The Victorian-bred Bletchley Park has a 50 per cent winning record and the smart frontrunner has won two group 3 events and has finished a half-head second to Franco Edward in the 2018 Golden Slipper and raced three back on the pegs before finishing strongly on the inside to be second to Major Trojan in the 2019 WA Derby.
Stablemate Gran Chico is expected to be a solid favourite after several impressive performances in New Zealand and an easy win at his West Australian debut last Friday week when he was not extended in beating Dominate The Dojo and Iceenothink.
The big, strong gelding was the lone back-line runner, who settled in fifth place in the one-wide line before Shannon Suvaljko sent him forward with a three-wide burst to take up the running after 500m. He dashed over the final quarters in 28.3sec. and 27.7sec.
Suvaljko was delighted with Gran Chico’s run, saying: “It was a perfect run, first-up. Mike said he was underdone and he is sure to be improved. He felt really good and was sharp off the gate as the only runner off the back line. I just let him do what he wanted to do. I didn’t turn the whip or pull the ear plugs.
“If you watch all Gran Chico’s runs in New Zealand, he does the same; he wins by only a neck or a half-length. He never kills them (the opposition). He needs another horse (challenging him) and when that horse is besides him, he will just charge at him.
“I’ll drive Gran Chico consistent with the way he has been driven. He’ll be up there and we won’t die wondering. I’ve watched his replays and he has got speed off the gate.”
Trainer-reinsman Aldo Cortopassi said that Theo Aviator had done really well since his fast-finishing victory over Sangue Reale and Shockwave last Friday week. “That was only second-up, so he’s still going up the hill,” he said. “From barrier 12 I don’t know what I’m going to do.
“I’ll sit down and study things to determine whether I’ll punch through or drop in and try to get a fence run like we did last start. I’ll be looking for some short cuts early and hope that there is some genuine speed. Theo Aviator can sit and sprint with the best of them.”
Trainer Michael Brennan admitted that barrier five was not a perfect draw for Sangue Reale. “But we’re still a chance,” he said. “He has improved a heap since his last run and I’m absolutely rapt with him. If he had drawn one or ten I’d be really confident of him running in the first two or three.”

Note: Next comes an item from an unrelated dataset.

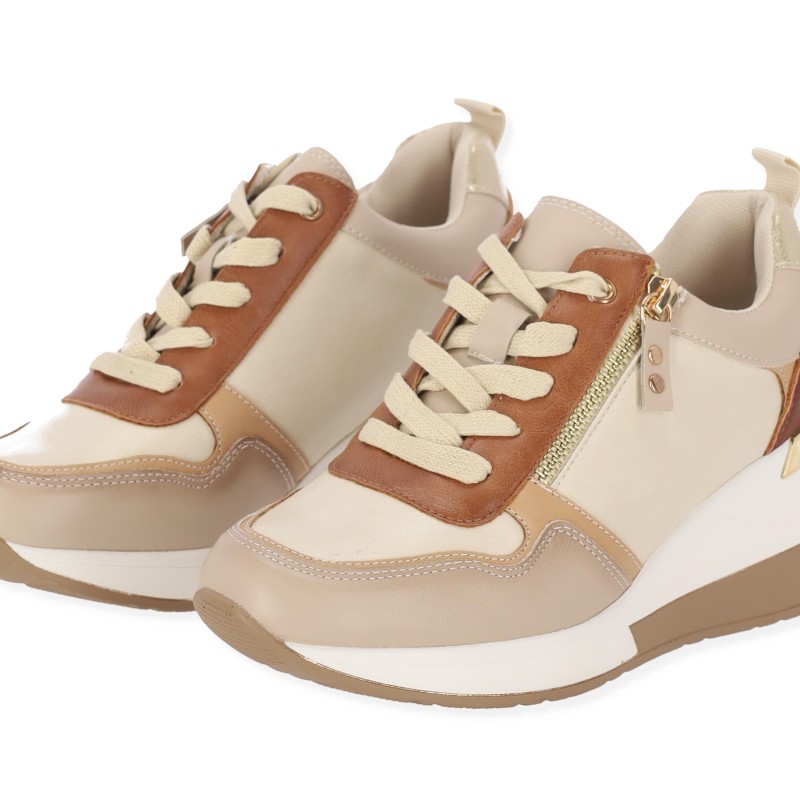 Γυναικεία Sneakers Δερματίνη Πλατφόρμα Δετά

Chris Voak has been engaged to drive Sangue Reale, replacing the New South Wales-bred gelding’s regular reinsman Michael Grantham, who will be in the sulky behind Bletchley Park.

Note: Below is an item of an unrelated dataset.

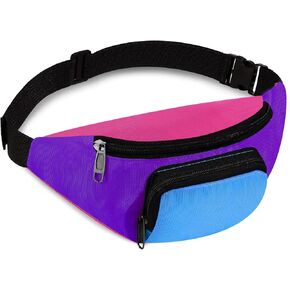 80s Retro Neon Fanny Pack 2 Pockets Hands Free Belt Bags 80s Costumes for Women Men Kids Waist Packs for Holiday Festival Travel 80s Theme Party (Blue Bottom)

Oakford trainer Ross Olivieri is expecting a strong performance from Gee Jay Kay, a winner at ten of his 24 starts. Chris Lewis will drive him from barrier three on the front line. Gee Jay Kay had a tough run without cover before wilting late to finish seventh behind Theo Aviator last Friday week --- 11 days after an impressive victory over Ocean Ridge at Pinjarra.
“He has done very well since his latest run,” said Olivieri. “Any thoughts that the run in the breeze might have knocked him around are unfounded and he has taken no ill-effects from the run. He was beaten by only nine metres and he beat all the fancied horses. I wasn’t disappointed. I think Chris will give him time to find his feet before putting him into the race.”

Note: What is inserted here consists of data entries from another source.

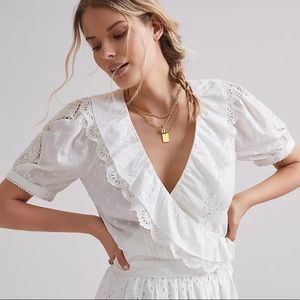 NWT - Anthropologie Forever That Girl Lacy Ruffled Wrap Blouse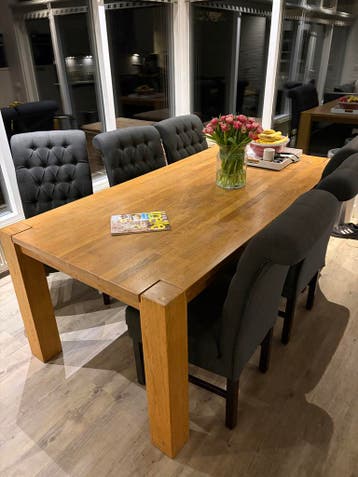 6 gestoffeerde stoelen donkergrijs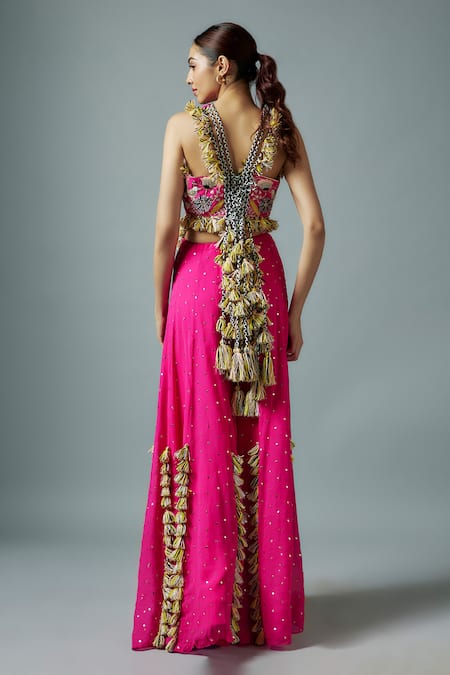 Payal Singhal Bird Bloom Embroidered Back Tie Up Choli With Sharara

Dylan Egerton-Green will drive the Colin Brown-trained Patrickthepiranha from the inside of the back line and the gelding is sure to be prominent. “I’m happy with the draw and with the horse, and I’m happy with his latest run when he had no luck.”
Champion trainer Gary Hall Snr fared poorly in the barrier draw with his three runners Wildwest, Robbie Easton and Eloquent Mach, with Wildwest, to be driven by Gary Hall Jnr, the stable’s best hope, despite drawing the outside (No. 9) on the front line.
Wildwest, unbeaten at his first eight starts, suffered his first defeat when eighth behind Theo Aviator last Friday week when he was forced to cover a lot of extra ground in the final circuit. Robbie Easton (barrier six) and Eloquent Mach (seven) look tested from unfavourable draws.